Executive bonuses and redundancy payouts – Avoiding policy pitfalls

Articles Written by Jan Dransfield (Partner), Lisa Franzini

Employers need to take care when dealing with any promises or representations about the application of company policies, particularly where discretionary incentives or redundancy payments are involved. Two recent appeal decisions show how former employees can sue on promises about bonuses and redundancy payments made to encourage executives to stay on during a merger/takeover.

Overview

The recent decisions of the NSW Court of Appeal in McKeith v Royal Bank of Scotland Group PLC; Royal Bank of Scotland Group PLC v James [2016] NSWCA 36 and Full Federal Court in Westpac Banking Corporation v Wittenberg [2016] FCAFC 33 are a timely reminder for employers about the risk of employment policies and other representations giving rise to breach of contract claims. In the first case, two former bank executives successfully sued RBS for six figure redundancy payments arising under a “closed” policy.  The executives successfully maintained that the policy had become contractually binding as a result of assurances made during a takeover process.

McKeith v Royal Bank of Scotland Group PLC; Royal Bank of Scotland Group PLC v James [2016] NSWCA 36 (9 March 2016)

Two former bank executives have had some success seeking payments under a “closed” redundancy policy that applied at ABN AMRO before the bank was taken over by RBS. 

In March 2015, the NSW Supreme Court granted Mr James over $3 million in damages for redundancy pay, a bonus and interest after the former bank director was retrenched when RBS took over ABN AMRO in 2008. Meanwhile, his colleague, Mr McKeith, was unsuccessful at the initial trial. On appeal, both executives were awarded an average of $400,000 each for redundancy pay; however, Mr McKeith lost his appeal for a $2.5 million bonus.

The NSW Court of Appeal held that RBS had “guaranteed” that it would continue to apply the ABN AMRO redundancy policy to employees affected by the ABN AMRO takeover to encourage staff to remain with the bank. This created a contract between RBS and the executives that they would receive a redundancy payment under the 'closed' redundancy policy if their employment was terminated in consideration of their continuing employment with the bank.

While the NSW Court of Appeal overturned the finding that the redundancy policy had been incorporated into the executives’ employment contracts, the statements and assurances (largely made by ABN AMRO through communication packages to staff during the sale process) created an intention and contractual commitment for the redundancy policy to apply in the event that redundancies occurred. The fact that the policy was not accessible to the employees did not undermine its enforceability.

This decision emphasises the importance of carefully managing all communications to employees during a sale process to control the nature of assurances made to staff to encourage them to stay.
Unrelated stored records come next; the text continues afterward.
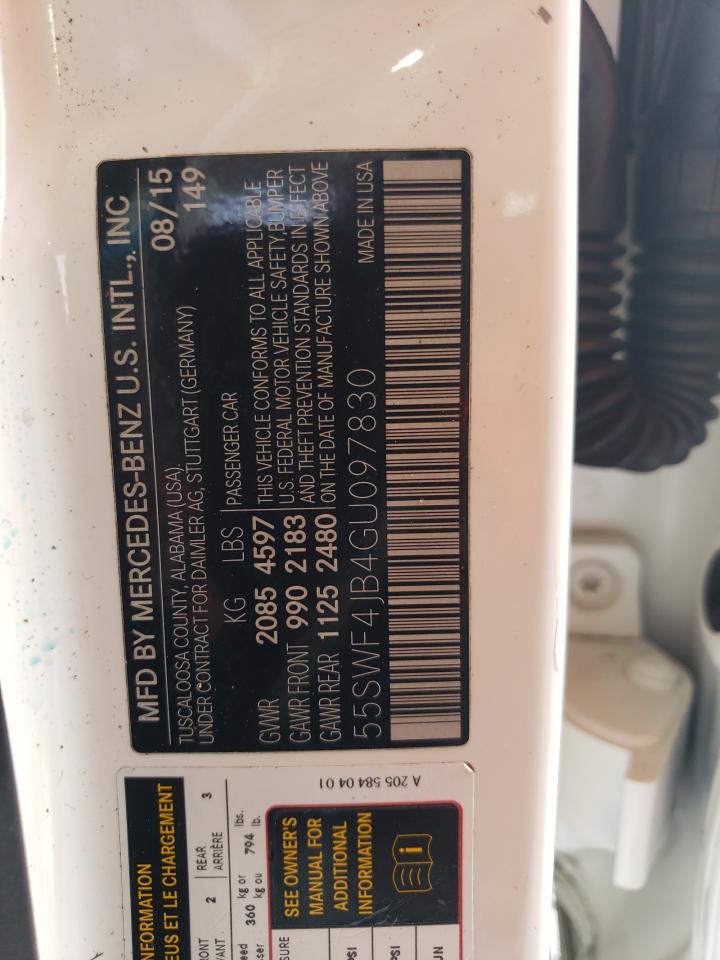 2016 Mercedes-Benz C 300 VIN: 55SWF4JB4GU097830 Lot: 61238324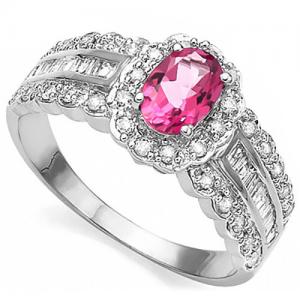 VS CLARITY ! 2/3 CT IMPERIAL PINK TOPAZ & 1/3 CT GENUINE DIAMOND 10KT SOLID GOLD RING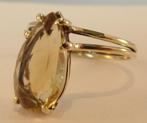 Antieke 14 karaat geelgouden ring met Goudtopaas, Handtassen en Accessoires, Antieke sieraden, Verzenden, Goud, Ring, Met edelsteen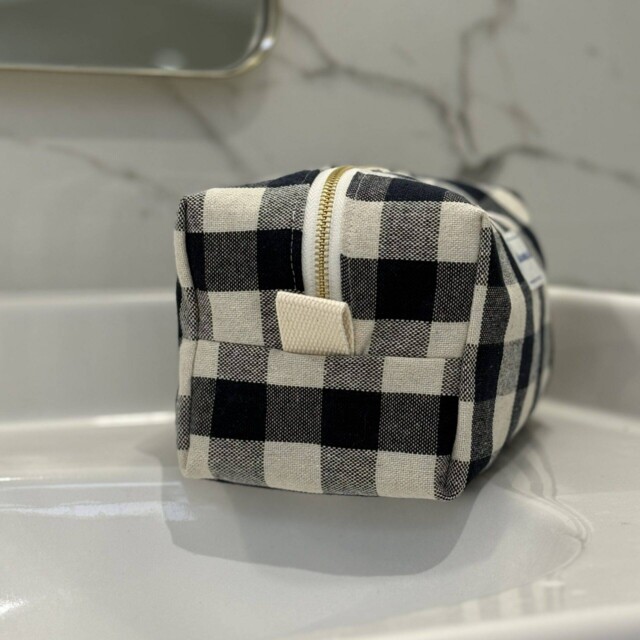 Maison Mallow - Trousse de Toilette XXL Carreaux Vichy Bleu Marine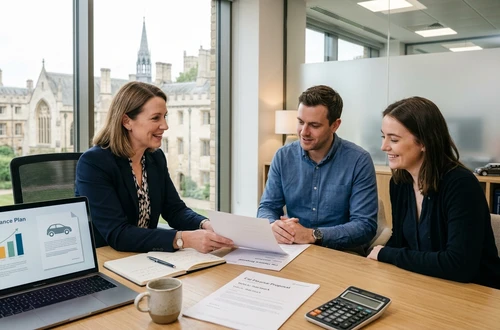 DriveWise lending specialist reviewing a car loan application with a client in a bright modern office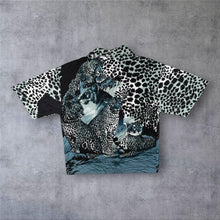 Load image into Gallery viewer, Early 00's Hundred Continent Goth Y2K Leopard Animal Patterned Short Sleeve Shirt
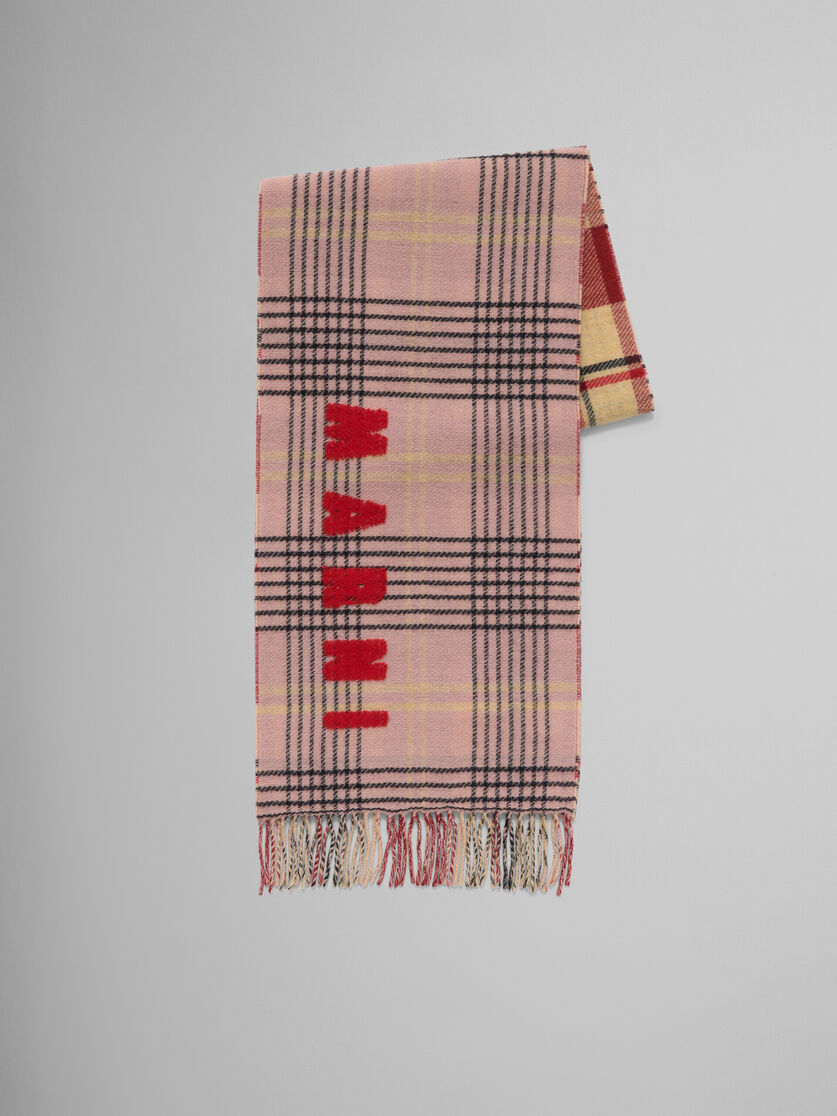 Pink double check wool scarf - Scarves - Image 1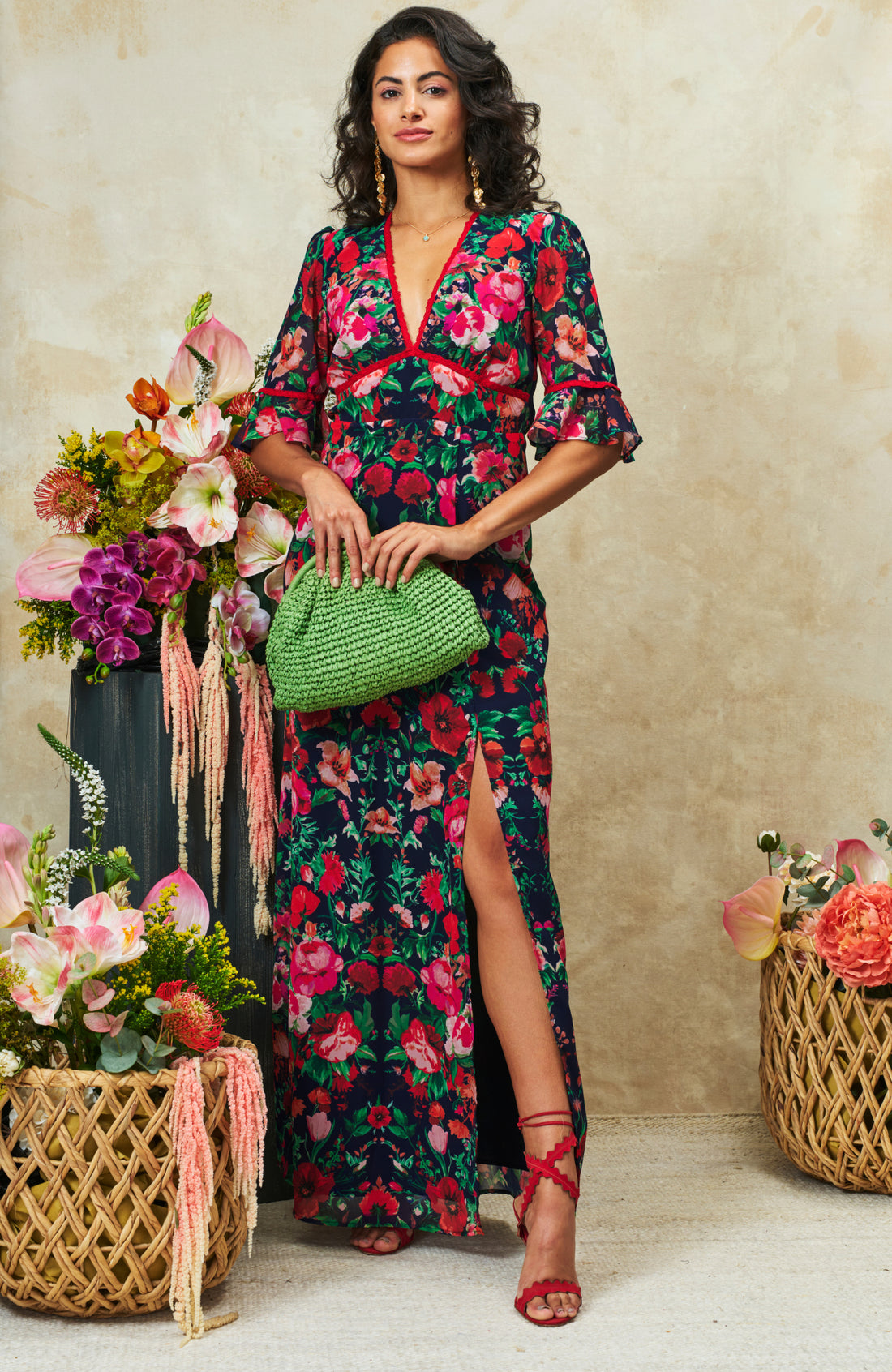 Hope &amp; Ivy Jemma Frill Sleeve Thigh Split Open Back Maxi Dress with Lace Trim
In particular, care should be given to all verbal and written representations about the application of policies to ensure they are not promissory in nature or intended to have contractual effect. This is especially the case with policies that govern incentive or severance payments. 

Westpac Banking Corporation v Wittenberg [2016] FCAFC 33 (14 March 2016)

This decision involved seven former St George Bank managers who brought proceedings against Westpac seeking a retention bonus. The managers claimed the bonus was promised to them if they stayed in their jobs during a merger with Westpac.

The incentive had been set up to retain key employees in the lead up to the merger. However, the incentive was not paid by St George because the target was not achieved. The managers claimed “they could have done better elsewhere” had they not been misled about the incentive and stayed with St George. However, as the managers were unable to prove that they had suffered any loss by staying with the bank instead of pursuing alternative employment, the full Federal Court was unable to award the executives damages for any alleged misrepresentation.

Interestingly, the Full Federal Court was critical of the managers who pursued multiple, but contradictory, claims. The Full Federal Court found it was inconsistent to assert a contract as a source of a legal entitlement for a breach of contract claim as well as a source of loss for a misrepresentation claim.

While the appeal was largely dismissed, one of the managers was awarded $60,000 (plus interest) in lieu of notice that he should have received on termination.

Lessons for employers

To avoid similar claims, employers should take steps to minimise the risk of employment policies being contractually binding on the employer. For instance:

  • employment contracts should state that policies do not form part of the terms of the contract;
  • any corporate policy manual or handbook should also provide that policies do not form part of the terms of any employment contract; and
  • any other verbal and/or written representations made about the application of policies should not be promissory in nature.

Times of change, such as mergers or takeovers, can give rise to heightened risks for employers. We recommend any retention arrangements (bonuses, incentive schemes and redundancy/retention payments) be carefully documented, and employers take care to ensure that any employee communications and information packages are not misleading or promissory in nature.

Important Disclaimer: The material contained in this article is comment of a general nature only and is not and nor is it intended to be advice on any specific professional matter. In that the effectiveness or accuracy of any professional advice depends upon the particular circumstances of each case, neither the firm nor any individual author accepts any responsibility whatsoever for any acts or omissions resulting from reliance upon the content of any articles. Before acting on the basis of any material contained in this publication, we recommend that you consult your professional adviser. Liability limited by a scheme approved under Professional Standards Legislation (Australia-wide except in Tasmania).